US Court rules that cryptocurrency exchanges must give up your private financial data
The U.S. Court of Appeals for the Fifth Circuit has ruled that. The ruling came down in the case of U.S. v. Gratowski and sets the precedent that law enforcement doesn’t need a warrant to access the stored financial data at cryptocurrency exchanges such as Coinbase. Essentially, the court ruled that Gratowski had no constitutional expectation of privacy from the cryptocurrency exchange because of the third party doctrine. The EFF writes:
“The federal agents in this case could have easily sought a warrant from a judge, rather than merely sending a subpoena to the exchange. The court’s decision that the agents could obtain this sensitive cryptocurrency transaction data without a warrant sets a dangerous precedent.”
It’s important to note that while some may consider the actual blockchain (not the exchange’s database of user accounts and information) a third party, no government will ever be able to serve a warrant or even a subpoena on a truly decentralized public cryptocurrency blockchain because no centralized authority is in control. In the case of blockchains without privacy protections such as Zcash anonymous transactions, governments and third party blockchain analytics companies have access to all of the blockchain data – by design. That is to say, cryptocurrency isn’t private by default – and the courts have confirmed that cryptocurrency exchanges also aren’t private by default. That is to say that the Fourth Amendment does not protect cryptocurrency related financial data.
Interestingly enough, the Supreme Court has ruled that privacy rights are intact despite the third party doctrine for certain types of digital data, just not financial transactions. A case in 2018 made it so that the government needs a warrant to access the location data stored by cell phone and telecommunications companies. The country’s privacy laws are still a little behind for the digital age; despite this, it’s hard to be surprised that financial data from cryptocurrency exchanges are being treated like this in America.

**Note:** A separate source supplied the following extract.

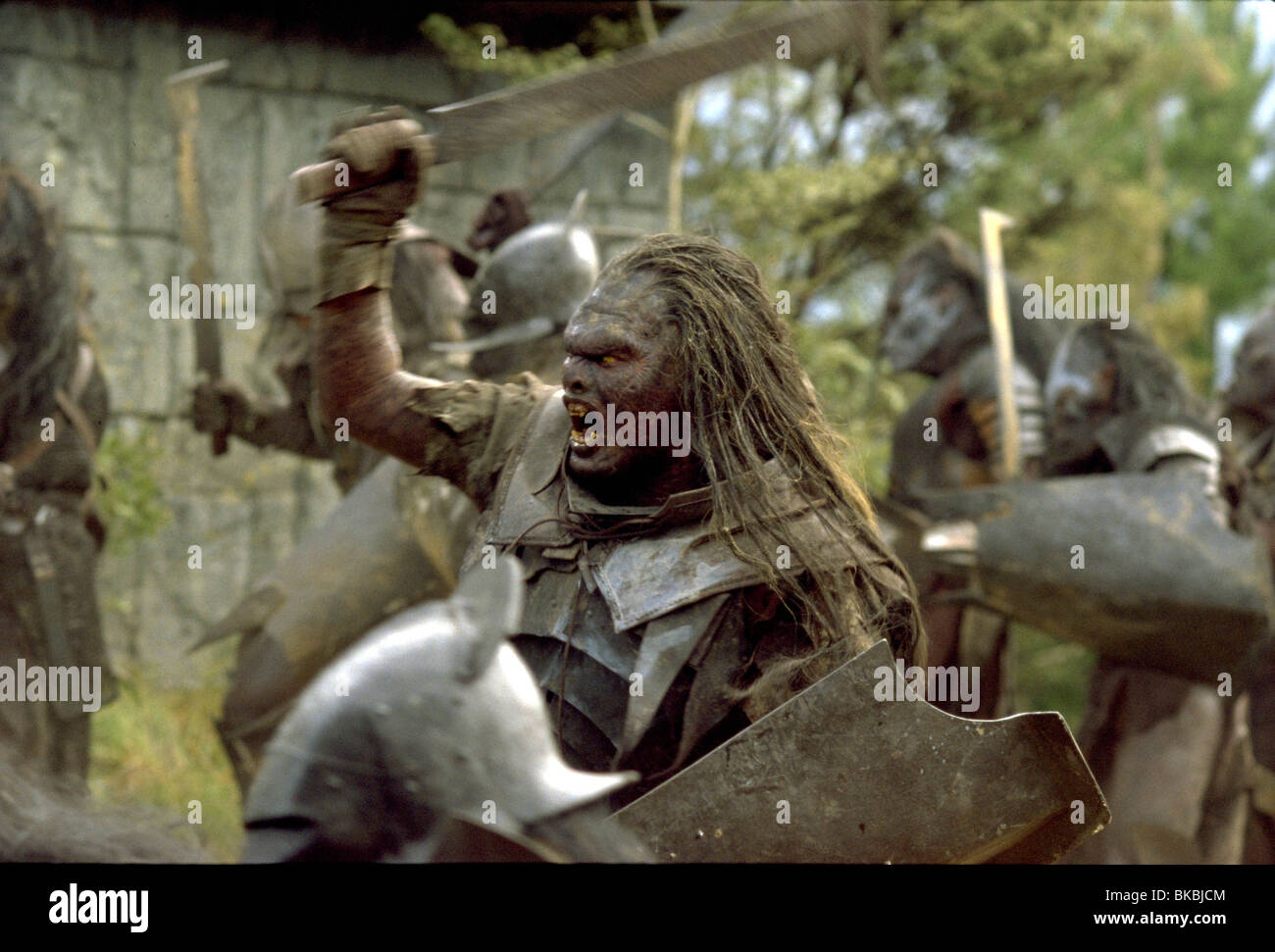 Le SEIGNEUR DES ANNEAUX : LA COMMUNAUTÉ DE L'ANNEAU (2001) FOTR 001-30 Banque D'Images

Cryptocurrency users that want privacy will avoid exchanges
This larger trend of tracking cryptocurrencies at the fiat on and off ramps is damaging to the privacy of cryptocurrency users. However, it also simultaneously underscores the growing legitimacy of cryptocurrency and the exchanges that provide these services. The fact that cryptocurrency exchanges are being regulated like a centralized bank would may seem contradictory on the surface, but in reality it is not. Cryptocurrency experts have long known that the only way to maintain financial privacy with cryptocurrencies is to avoid exchanges altogether. While there are still cryptocurrency exchanges that may try to minimize the amount of identifiable information that can be sought by governments, they are a rare and dying breed. Elena Tonoyan, the COO of infamous cryptocurrency exchange Local Bitcoins recently highlighted the exchange’s decision to finally implement KYC/AML practices to CoinTelegraph in an interview:
“In the early days people used LocalBitcoins because it was anonymous. But nowadays they use LocalBitcoins because they want a safe and legit service to buy bitcoins.”
Exchanges are the historical centralized point of failure in the cryptocurrency ecosystem but they are not a point of failure for cryptocurrency technology itself. That is to say, the cryptocurrency ecosystem will work just fine with privacy conscious users avoiding exchanges and those that don’t care about the government knowing about their financial data using exchanges – the exact same dynamic we see with fiat currencies.